Caption-style text data
****************

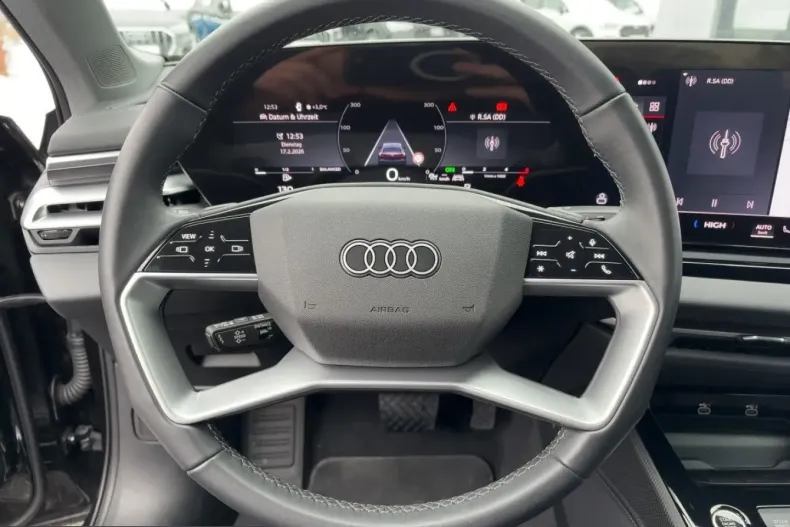 Audi A5 din 2025 cu 28.132 km - oferta AUD204691 - foto 9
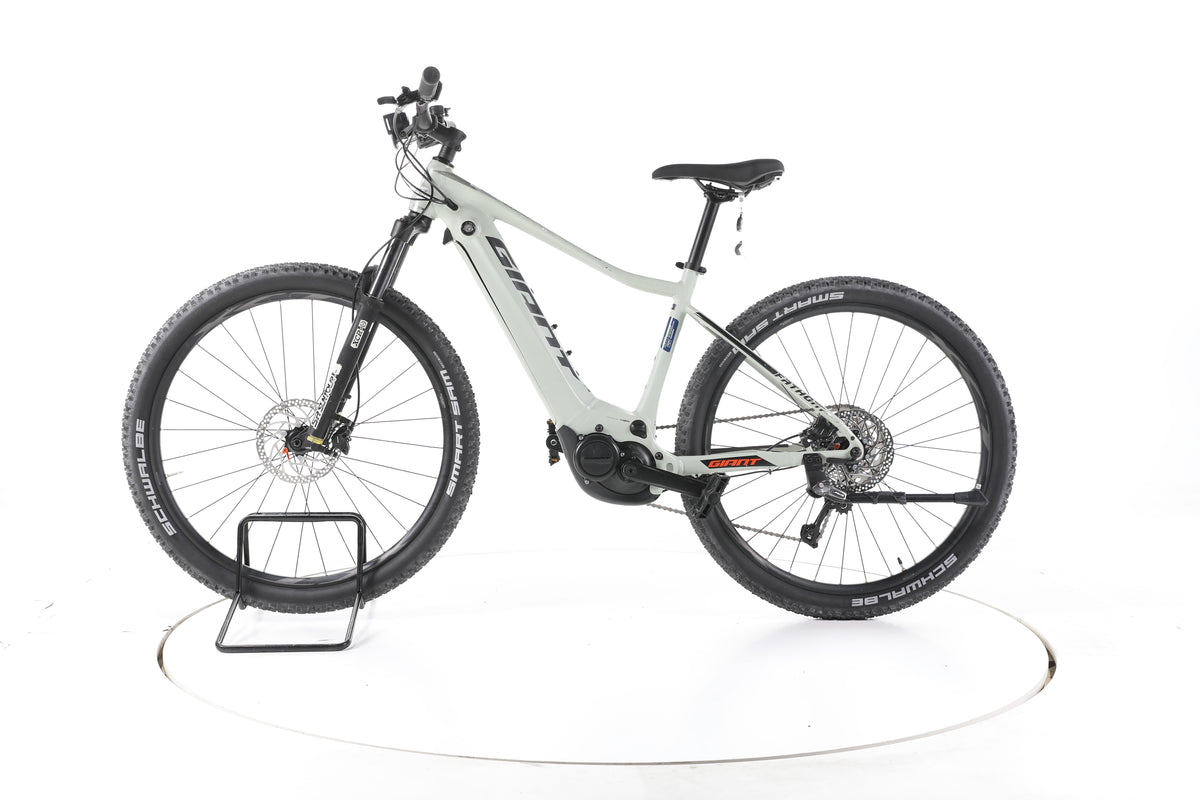 Giant Fathom E+ 2 E-Bike - Image 7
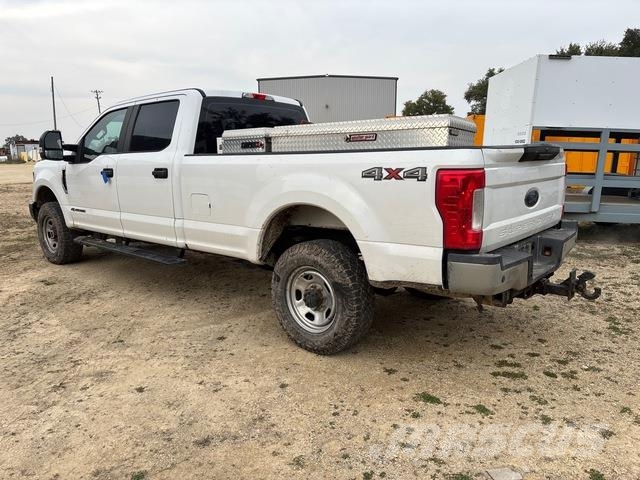 Ford F-350 Super Duty 픽업/드롭사이드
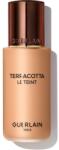 Guerlain Terracotta Le Teint fond de ten lichid pentru un look natural culoare 4, 5N Neutral 35 ml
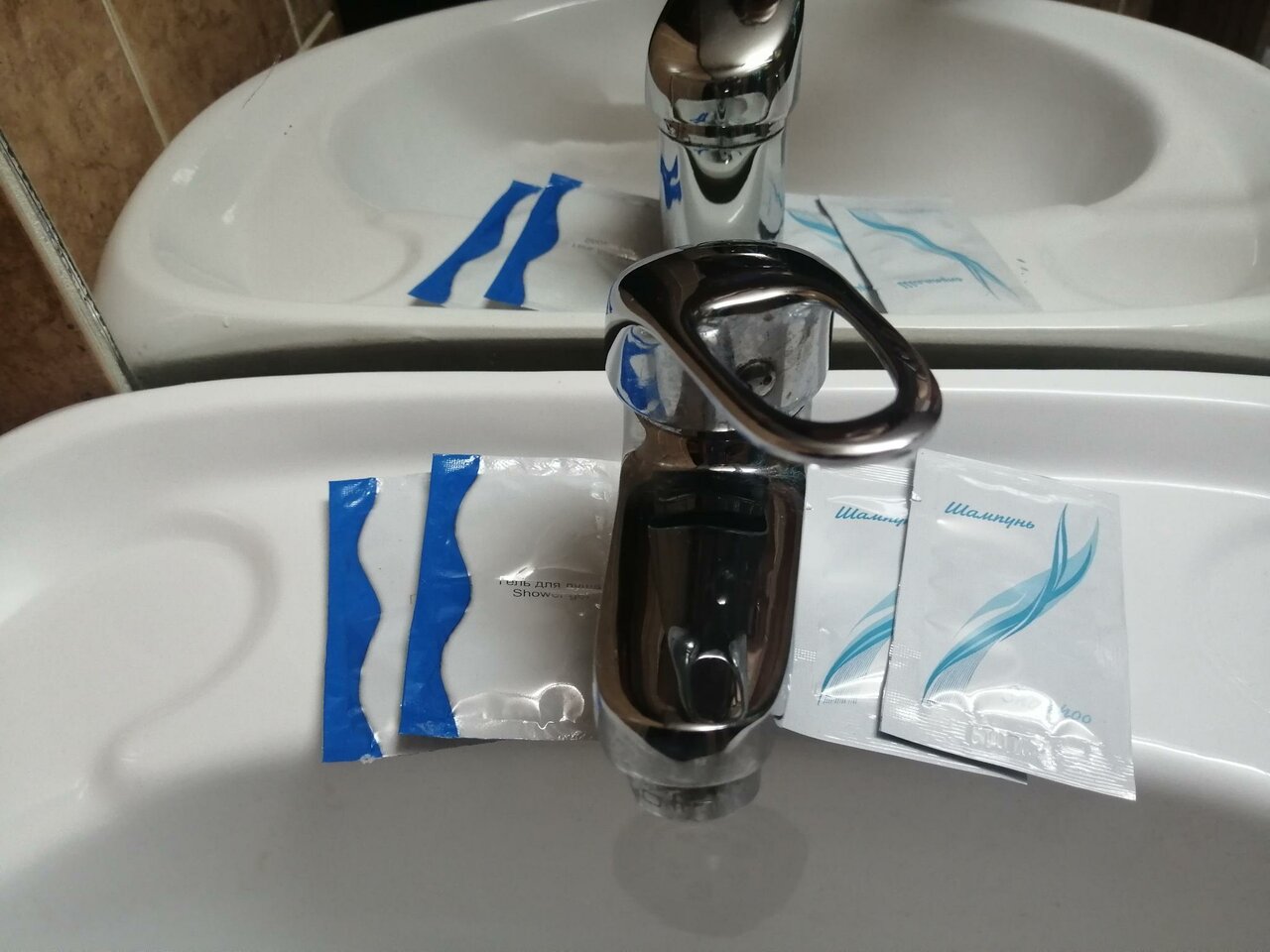 Гостиница Застава Владимир-95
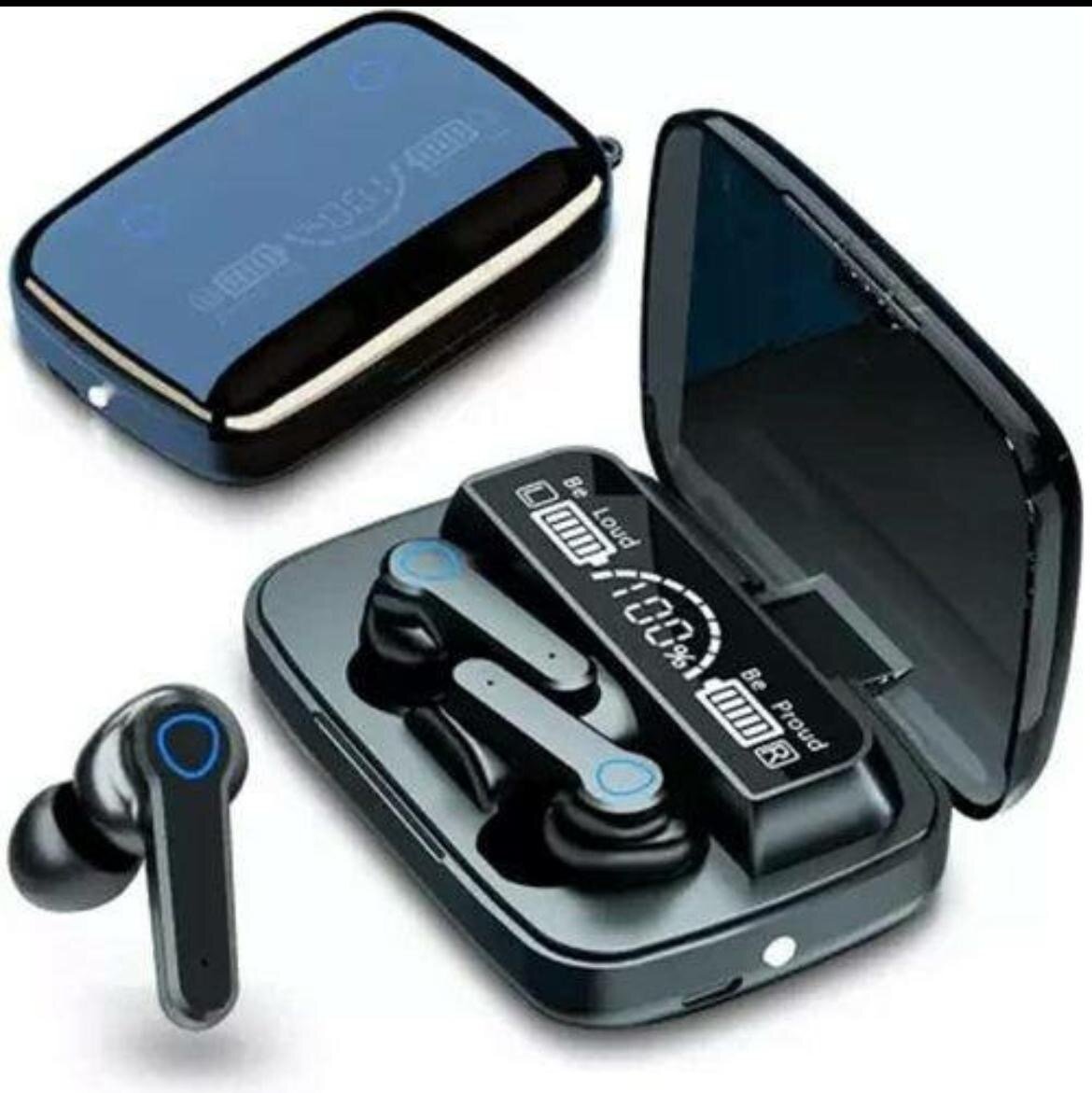 Écouteurs Bluetooth sans fil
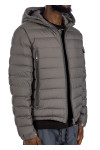 Moncler galion jacket Moncler  GALION JACKETgrijs - www.credomen.com - Credomen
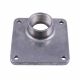 Meter Base Hub Aluminum 1 in (TC100)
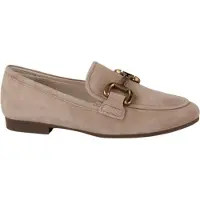 Gabor Slipper Beige in Gr. 38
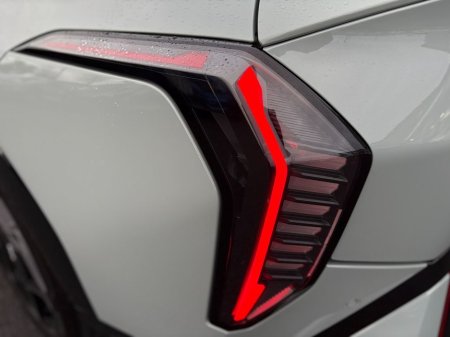 2025 Kia EV4 Fastback GT Line (612km Range) (Finance available at 3.9% apr) €48,995 thumbnail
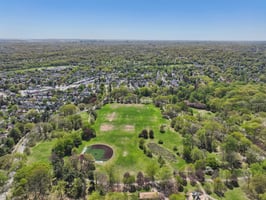 Fabulous Brookdale Park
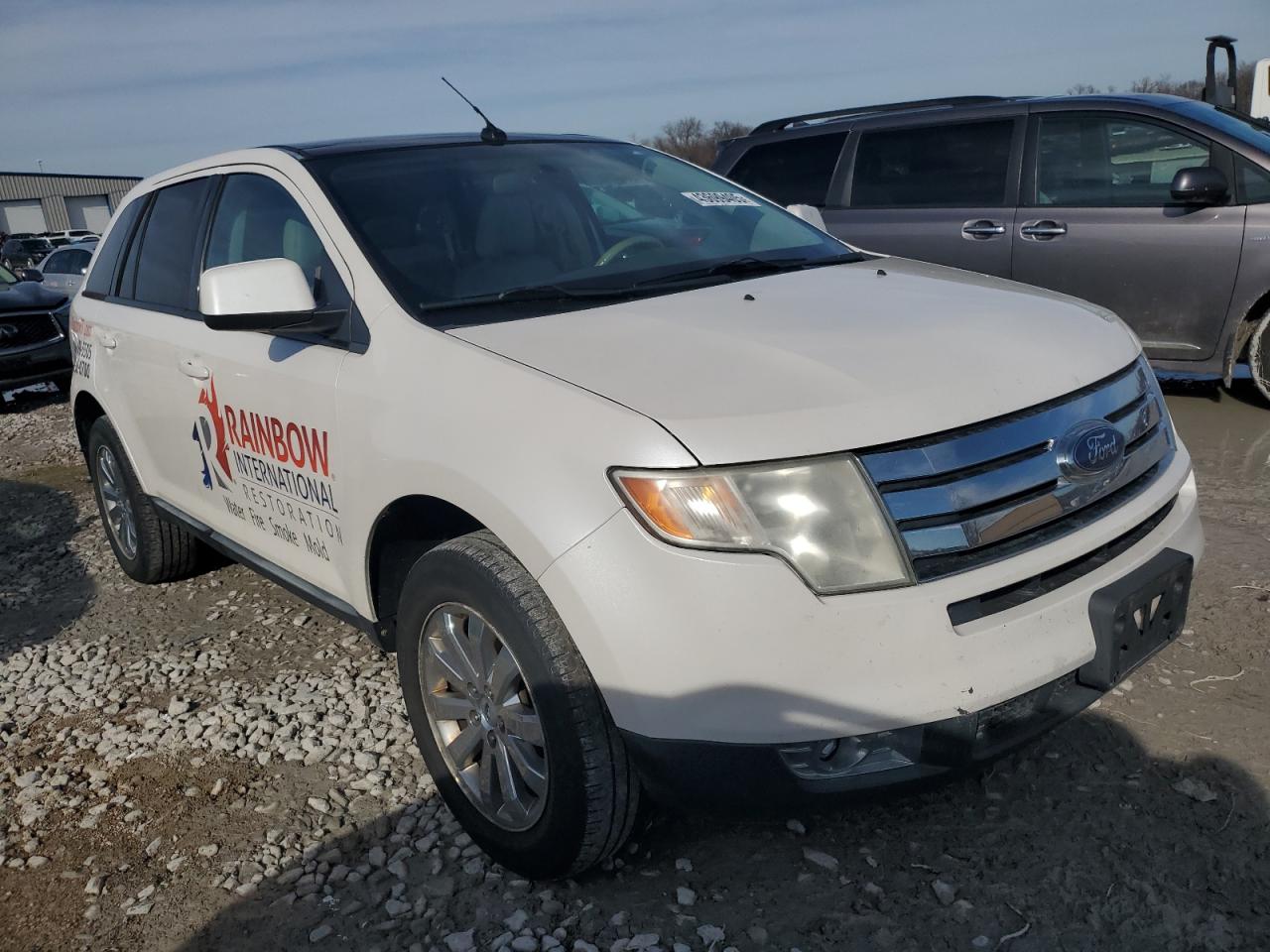 2010 Ford Edge - Image 4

****************

**What you will do:** Reproduce the data above word for word from its first line through the line that holds "Moncler galion jacket", both ends included; skip pictures.

**Result of the exercise:**
 Audi A5 din 2025 cu 28.132 km - oferta AUD204691 - foto 9
 Giant Fathom E+ 2 E-Bike - Image 7
 Ford F-350 Super Duty 픽업/드롭사이드
 Guerlain Terracotta Le Teint fond de ten lichid pentru un look natural culoare 4, 5N Neutral 35 ml
 Гостиница Застава Владимир-95
 Écouteurs Bluetooth sans fil
 Moncler galion jacket Moncler  GALION JACKETgrijs - www.credomen.com - Credomen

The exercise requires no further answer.